Tip 13: Agree on an Exit Plan during the Negotiation Phase
Many couples opt to draft a pre-nuptial agreement before they get married. While some people believe that signing a pre-nuptial agreement puts the couple on a mindset that their marriage will not last and eventually fail, the fact is that pre-nups do make sense. Pre-nups are exit plans. You’ll never know what will happen in the course of the marriage, and the pre-nup ensures that the couple’s assets will be protected in the event they decide that they do want to end their marriage.

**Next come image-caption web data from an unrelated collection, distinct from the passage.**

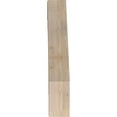 thumbnail image 4 of 6"W x 28"D x 36"H Merced Rough Sawn Knee Brace, Douglas Fir, 4 of 4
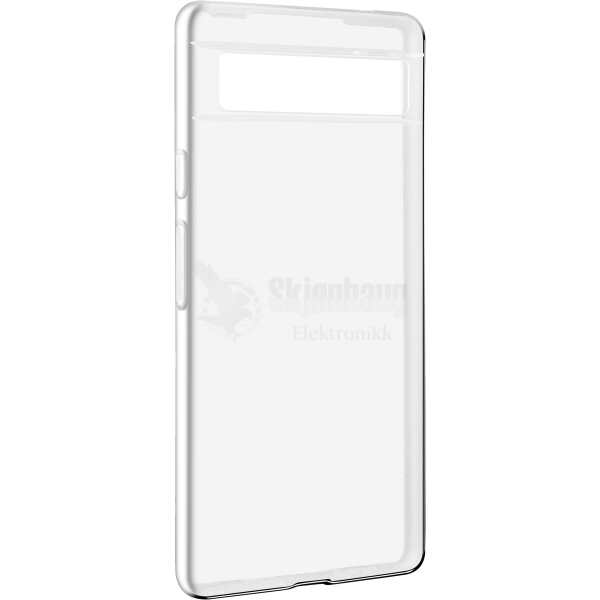 Google Pixel 6a 0.3 Nude, transparent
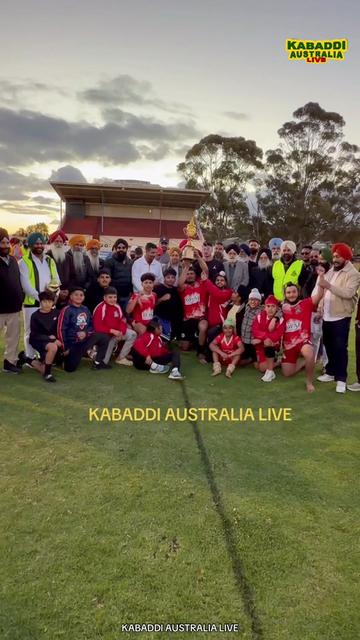 @kabaddiaustralialive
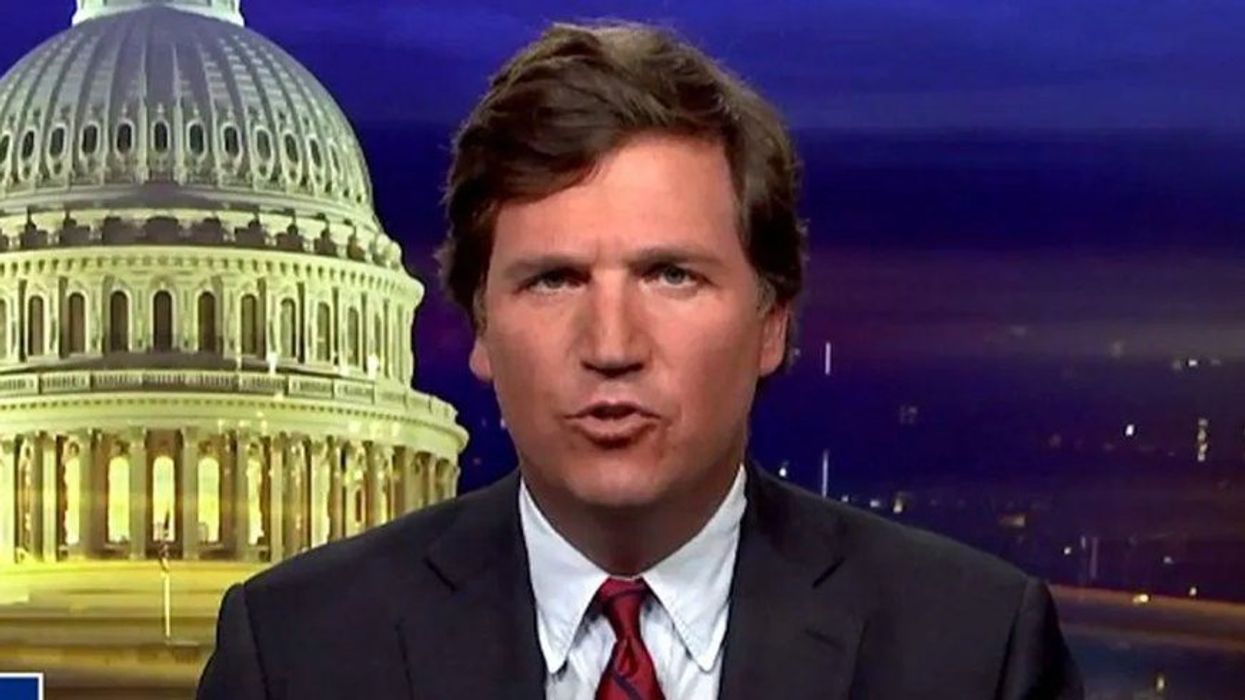 Kevin McCarthy gives Tucker Carlson a 'massive trove' of January Capitol 6th footage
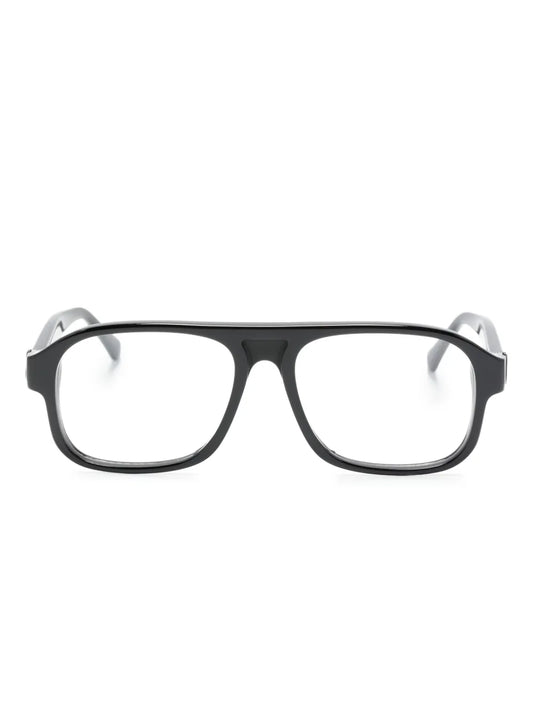 Moncler Eyewear ML5198 Rectangular Eyeglasses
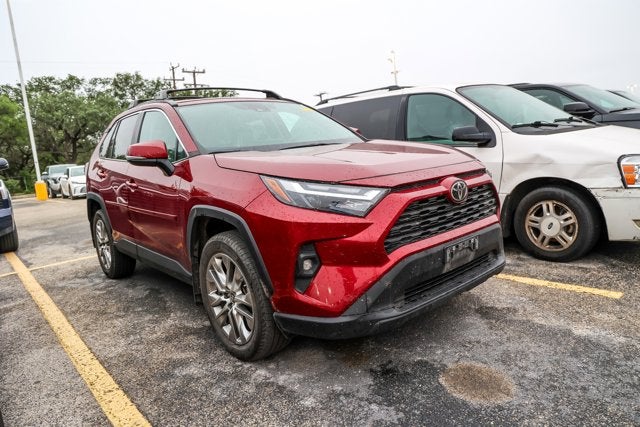 2024 Toyota RAV4 XLE Premium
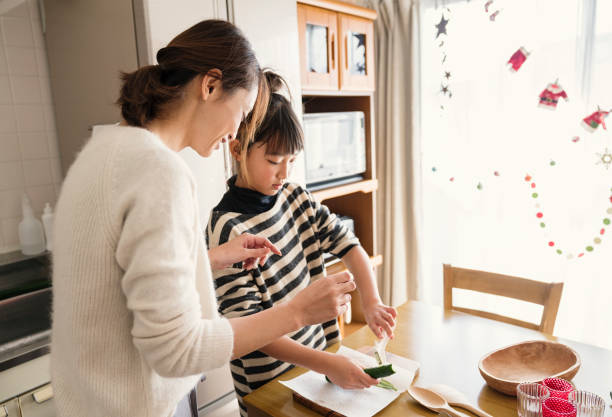 istock Prepare for Christmas party at home 902137108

When you are in conversation on creating a partnership or alliance with a potential partner, it’s good to discuss the exit plan as well. It may sound counterproductive to discuss how to break up while you’re still dating, but this is actually the best moment to discuss delicate matters like dividing the results and assets of the partnership and how you will handle that when breaking up. In that way, your decisions on these matters won’t be colored by whatever personal feelings you may have upon the dissolution of your partnership or alliance.

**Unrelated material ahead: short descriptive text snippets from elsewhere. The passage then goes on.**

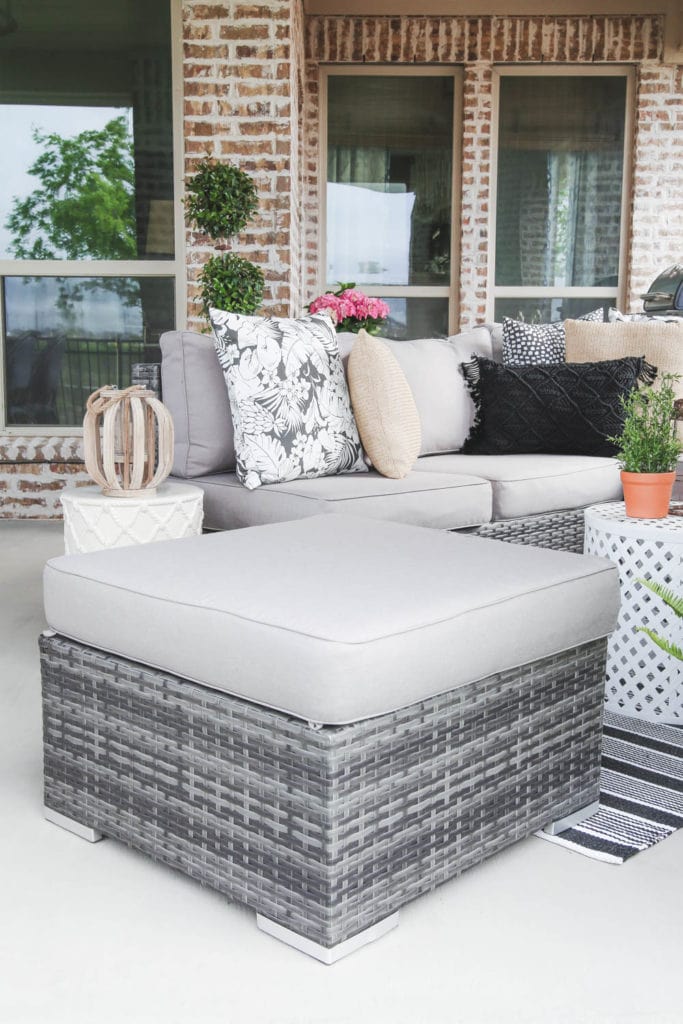 5 Ways to Update Your Patio For Spring - A Blissful Nest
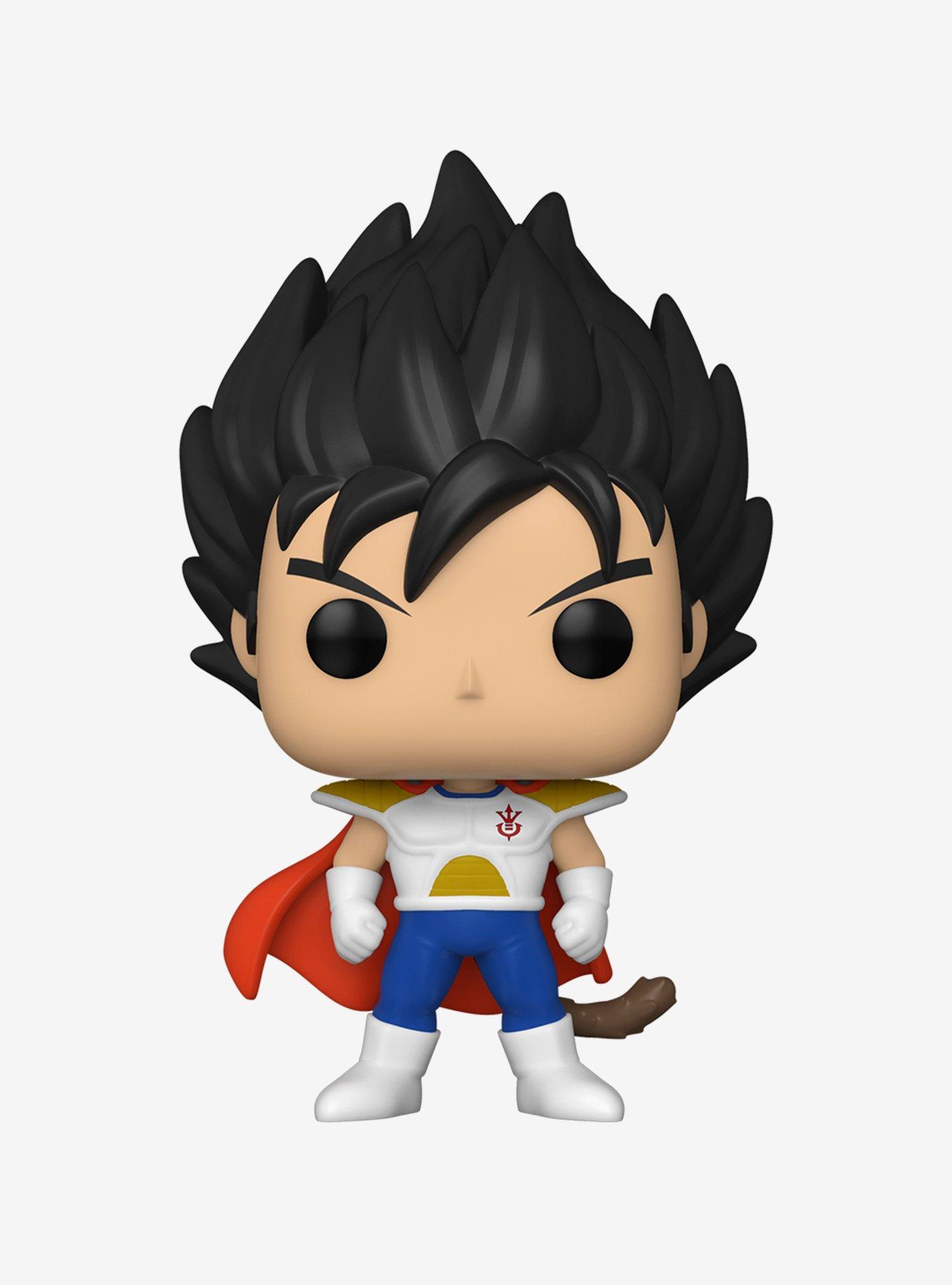 Funko Pop! Animation Dragon Ball Z Prince Vegeta Vinyl Figure, , hi-res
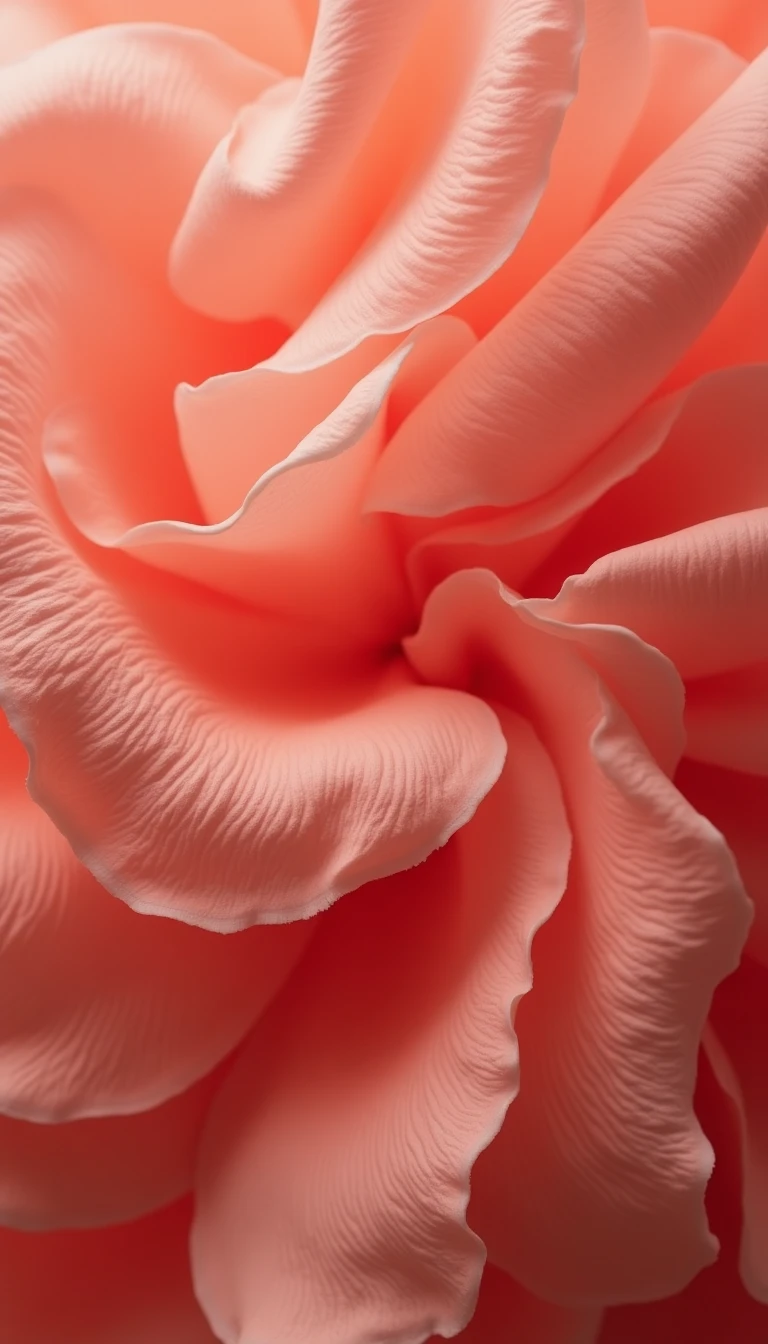 Coral Charm: A Vibrant Spring Wedding Color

It is a fact that many partnerships fail. Hence, you need to design an exit plan that you and your partner will use when you break up before you actually break up. You should look at it as an essential element of your negotiation and design phase. There is often a debate if this plan needs to be part of the business plan or the alliance contract. I would prefer the later, as the business plan has its focus on building the alliance and the contract in general is only needed when the business plan lacks clarity or when the alliance is not delivering on the promise.

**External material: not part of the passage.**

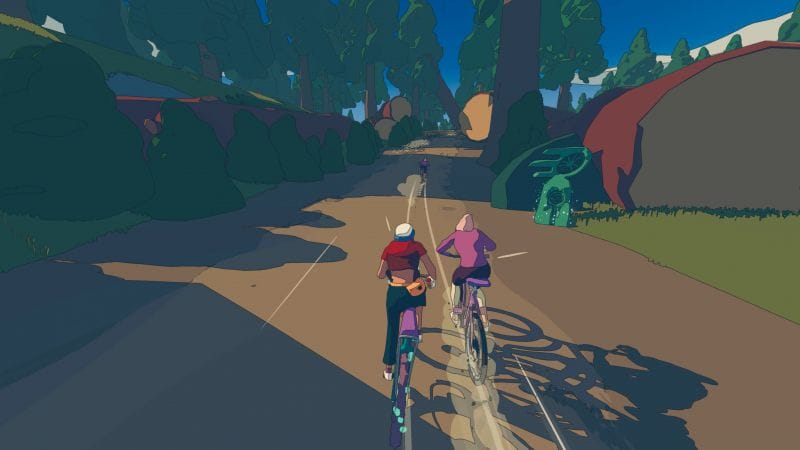 Wheel World - Test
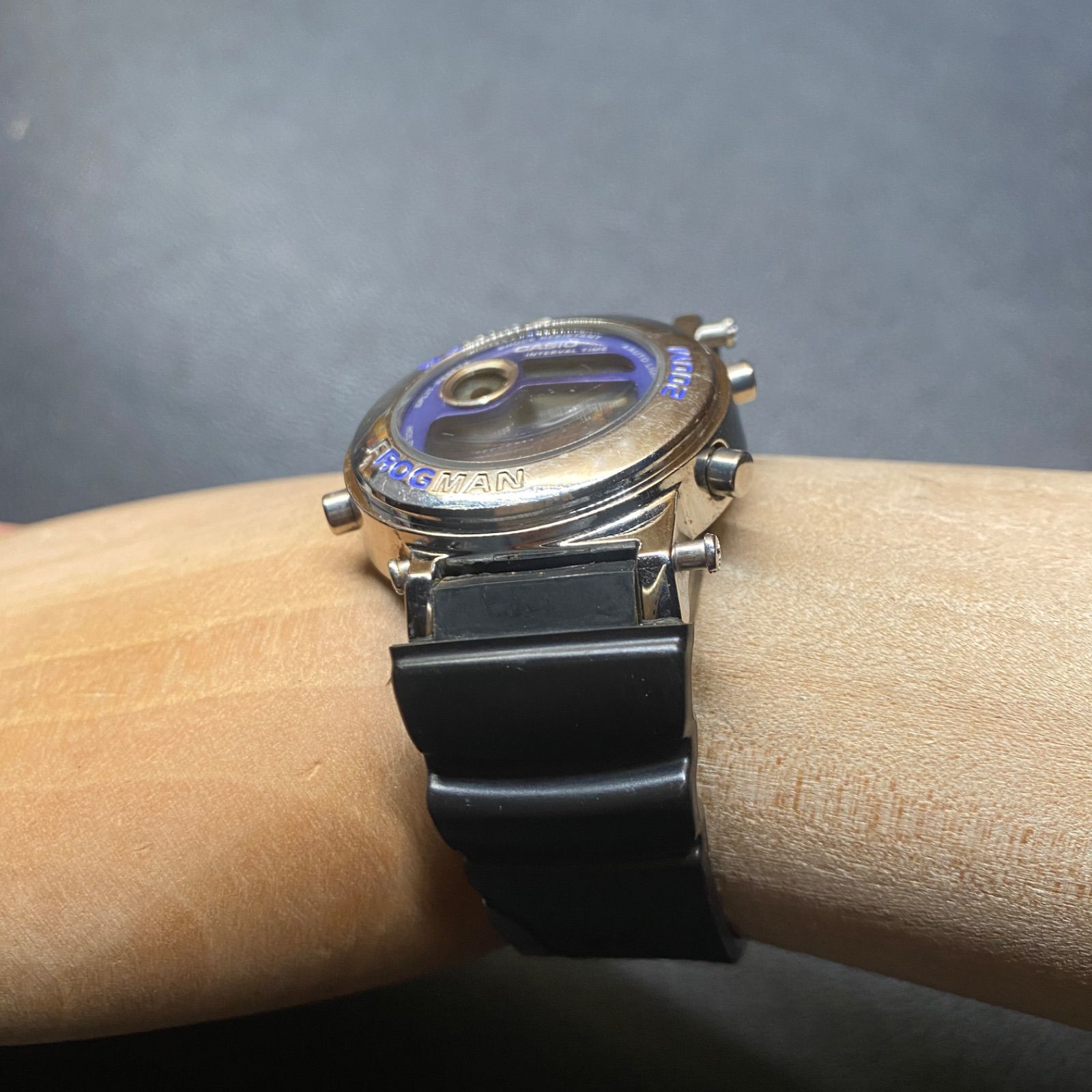 カシオ CASIO BGW-100 フロッグマン FROGMAN baby-G レディース 腕時計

Leaving an exit scenario out of the equation in the early phases can be a costly omission. Think of how ugly a divorce can get when there isn’t a pre-nuptial agreement in place. In general, lawyers and mediators will not step in for free to help you solve the issues that have occurred. Hence, an exit plan is also a cost-avoiding part of the design phase.
Even if the alliance turns out successfully, it’s still good to have the exit plan in place. In one case with my customers, there was a product alliance that combined products from the partner with products from my customer into a new product line with a separate, jointly owned brand. After four years into the partnership, both partners expressed in a steering committee meeting that the alliance had served its purpose and that it was time to dismantle and part ways. Based on the predefined exit plan, this was an easy and clean exit. Both parties knew what needed to be done; one of them wanted to continue with the established brand and acquired the brand rights from the other partner. The exit was professionally handled and concluded with a final evaluation to allow both partners to capture the learnings from their partnership.
“A good preparation is half the battle” is a saying that’s applicable to all elements of the alliance preparation. No matter how odd it may seem to plan the exit when you’re still dating, it’s actually the best moment.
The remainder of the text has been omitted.